### Data supplied
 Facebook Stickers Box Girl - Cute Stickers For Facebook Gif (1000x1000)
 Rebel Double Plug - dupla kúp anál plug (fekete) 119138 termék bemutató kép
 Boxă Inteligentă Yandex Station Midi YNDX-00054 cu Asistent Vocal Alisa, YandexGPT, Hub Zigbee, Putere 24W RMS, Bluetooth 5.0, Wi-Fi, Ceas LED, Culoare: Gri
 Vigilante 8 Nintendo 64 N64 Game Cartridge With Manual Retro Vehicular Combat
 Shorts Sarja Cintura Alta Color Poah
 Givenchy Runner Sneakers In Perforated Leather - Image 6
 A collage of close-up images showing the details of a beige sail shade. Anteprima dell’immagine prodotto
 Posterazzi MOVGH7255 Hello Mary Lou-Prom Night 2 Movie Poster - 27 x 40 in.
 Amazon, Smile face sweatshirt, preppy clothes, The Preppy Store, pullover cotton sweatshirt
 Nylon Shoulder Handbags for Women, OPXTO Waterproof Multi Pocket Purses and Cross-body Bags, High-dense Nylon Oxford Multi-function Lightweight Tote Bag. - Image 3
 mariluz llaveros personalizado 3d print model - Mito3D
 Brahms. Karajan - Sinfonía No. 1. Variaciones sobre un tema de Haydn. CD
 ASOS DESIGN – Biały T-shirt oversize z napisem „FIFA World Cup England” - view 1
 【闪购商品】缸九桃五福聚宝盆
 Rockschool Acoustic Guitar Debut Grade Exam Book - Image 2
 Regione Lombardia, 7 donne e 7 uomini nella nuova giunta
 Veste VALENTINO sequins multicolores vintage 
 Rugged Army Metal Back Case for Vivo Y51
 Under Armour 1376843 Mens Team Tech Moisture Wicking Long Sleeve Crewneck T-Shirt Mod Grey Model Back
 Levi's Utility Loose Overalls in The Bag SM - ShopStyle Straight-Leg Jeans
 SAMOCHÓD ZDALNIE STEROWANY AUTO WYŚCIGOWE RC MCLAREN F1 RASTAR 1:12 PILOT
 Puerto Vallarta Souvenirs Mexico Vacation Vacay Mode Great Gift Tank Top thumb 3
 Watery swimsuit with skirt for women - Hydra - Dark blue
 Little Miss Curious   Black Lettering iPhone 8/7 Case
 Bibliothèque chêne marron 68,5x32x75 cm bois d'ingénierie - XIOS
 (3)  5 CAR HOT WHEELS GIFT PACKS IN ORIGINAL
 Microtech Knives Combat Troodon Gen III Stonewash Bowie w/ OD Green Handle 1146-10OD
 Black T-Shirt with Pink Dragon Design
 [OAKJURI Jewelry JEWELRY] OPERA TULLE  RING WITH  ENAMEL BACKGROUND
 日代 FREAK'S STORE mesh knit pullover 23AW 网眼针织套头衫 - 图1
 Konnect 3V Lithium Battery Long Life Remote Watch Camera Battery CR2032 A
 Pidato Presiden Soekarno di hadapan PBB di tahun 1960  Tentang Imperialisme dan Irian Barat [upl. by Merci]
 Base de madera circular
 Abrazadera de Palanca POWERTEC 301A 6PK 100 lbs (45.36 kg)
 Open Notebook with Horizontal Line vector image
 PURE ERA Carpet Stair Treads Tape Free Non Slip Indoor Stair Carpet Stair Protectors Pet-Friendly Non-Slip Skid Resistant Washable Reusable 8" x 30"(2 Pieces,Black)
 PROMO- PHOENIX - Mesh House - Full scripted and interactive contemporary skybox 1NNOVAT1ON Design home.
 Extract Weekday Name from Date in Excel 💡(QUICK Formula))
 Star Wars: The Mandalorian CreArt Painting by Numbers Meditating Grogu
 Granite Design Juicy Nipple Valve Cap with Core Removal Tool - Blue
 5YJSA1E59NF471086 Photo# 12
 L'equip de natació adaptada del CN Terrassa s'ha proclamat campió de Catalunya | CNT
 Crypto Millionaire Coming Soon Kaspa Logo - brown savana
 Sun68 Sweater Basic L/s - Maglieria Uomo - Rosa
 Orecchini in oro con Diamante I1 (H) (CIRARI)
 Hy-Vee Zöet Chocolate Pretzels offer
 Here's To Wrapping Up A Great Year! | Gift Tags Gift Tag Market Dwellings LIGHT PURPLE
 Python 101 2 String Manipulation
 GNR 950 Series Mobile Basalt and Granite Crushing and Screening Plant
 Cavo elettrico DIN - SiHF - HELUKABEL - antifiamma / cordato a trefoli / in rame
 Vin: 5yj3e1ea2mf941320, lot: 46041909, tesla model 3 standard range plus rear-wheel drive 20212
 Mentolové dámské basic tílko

### Assignment
All records above are to be returned exactly as given.

### Solved exercise
 Facebook Stickers Box Girl - Cute Stickers For Facebook Gif (1000x1000)
 Rebel Double Plug - dupla kúp anál plug (fekete) 119138 termék bemutató kép
 Boxă Inteligentă Yandex Station Midi YNDX-00054 cu Asistent Vocal Alisa, YandexGPT, Hub Zigbee, Putere 24W RMS, Bluetooth 5.0, Wi-Fi, Ceas LED, Culoare: Gri
 Vigilante 8 Nintendo 64 N64 Game Cartridge With Manual Retro Vehicular Combat
 Shorts Sarja Cintura Alta Color Poah
 Givenchy Runner Sneakers In Perforated Leather - Image 6
 A collage of close-up images showing the details of a beige sail shade. Anteprima dell’immagine prodotto
 Posterazzi MOVGH7255 Hello Mary Lou-Prom Night 2 Movie Poster - 27 x 40 in.
 Amazon, Smile face sweatshirt, preppy clothes, The Preppy Store, pullover cotton sweatshirt
 Nylon Shoulder Handbags for Women, OPXTO Waterproof Multi Pocket Purses and Cross-body Bags, High-dense Nylon Oxford Multi-function Lightweight Tote Bag. - Image 3
 mariluz llaveros personalizado 3d print model - Mito3D
 Brahms. Karajan - Sinfonía No. 1. Variaciones sobre un tema de Haydn. CD
 ASOS DESIGN – Biały T-shirt oversize z napisem „FIFA World Cup England” - view 1
 【闪购商品】缸九桃五福聚宝盆
 Rockschool Acoustic Guitar Debut Grade Exam Book - Image 2
 Regione Lombardia, 7 donne e 7 uomini nella nuova giunta
 Veste VALENTINO sequins multicolores vintage 
 Rugged Army Metal Back Case for Vivo Y51
 Under Armour 1376843 Mens Team Tech Moisture Wicking Long Sleeve Crewneck T-Shirt Mod Grey Model Back
 Levi's Utility Loose Overalls in The Bag SM - ShopStyle Straight-Leg Jeans
 SAMOCHÓD ZDALNIE STEROWANY AUTO WYŚCIGOWE RC MCLAREN F1 RASTAR 1:12 PILOT
 Puerto Vallarta Souvenirs Mexico Vacation Vacay Mode Great Gift Tank Top thumb 3
 Watery swimsuit with skirt for women - Hydra - Dark blue
 Little Miss Curious   Black Lettering iPhone 8/7 Case
 Bibliothèque chêne marron 68,5x32x75 cm bois d'ingénierie - XIOS
 (3)  5 CAR HOT WHEELS GIFT PACKS IN ORIGINAL
 Microtech Knives Combat Troodon Gen III Stonewash Bowie w/ OD Green Handle 1146-10OD
 Black T-Shirt with Pink Dragon Design
 [OAKJURI Jewelry JEWELRY] OPERA TULLE  RING WITH  ENAMEL BACKGROUND
 日代 FREAK'S STORE mesh knit pullover 23AW 网眼针织套头衫 - 图1
 Konnect 3V Lithium Battery Long Life Remote Watch Camera Battery CR2032 A
 Pidato Presiden Soekarno di hadapan PBB di tahun 1960  Tentang Imperialisme dan Irian Barat [upl. by Merci]
 Base de madera circular
 Abrazadera de Palanca POWERTEC 301A 6PK 100 lbs (45.36 kg)
 Open Notebook with Horizontal Line vector image
 PURE ERA Carpet Stair Treads Tape Free Non Slip Indoor Stair Carpet Stair Protectors Pet-Friendly Non-Slip Skid Resistant Washable Reusable 8" x 30"(2 Pieces,Black)
 PROMO- PHOENIX - Mesh House - Full scripted and interactive contemporary skybox 1NNOVAT1ON Design home.
 Extract Weekday Name from Date in Excel 💡(QUICK Formula))
 Star Wars: The Mandalorian CreArt Painting by Numbers Meditating Grogu
 Granite Design Juicy Nipple Valve Cap with Core Removal Tool - Blue
 5YJSA1E59NF471086 Photo# 12
 L'equip de natació adaptada del CN Terrassa s'ha proclamat campió de Catalunya | CNT
 Crypto Millionaire Coming Soon Kaspa Logo - brown savana
 Sun68 Sweater Basic L/s - Maglieria Uomo - Rosa
 Orecchini in oro con Diamante I1 (H) (CIRARI)
 Hy-Vee Zöet Chocolate Pretzels offer
 Here's To Wrapping Up A Great Year! | Gift Tags Gift Tag Market Dwellings LIGHT PURPLE
 Python 101 2 String Manipulation
 GNR 950 Series Mobile Basalt and Granite Crushing and Screening Plant
 Cavo elettrico DIN - SiHF - HELUKABEL - antifiamma / cordato a trefoli / in rame
 Vin: 5yj3e1ea2mf941320, lot: 46041909, tesla model 3 standard range plus rear-wheel drive 20212
 Mentolové dámské basic tílko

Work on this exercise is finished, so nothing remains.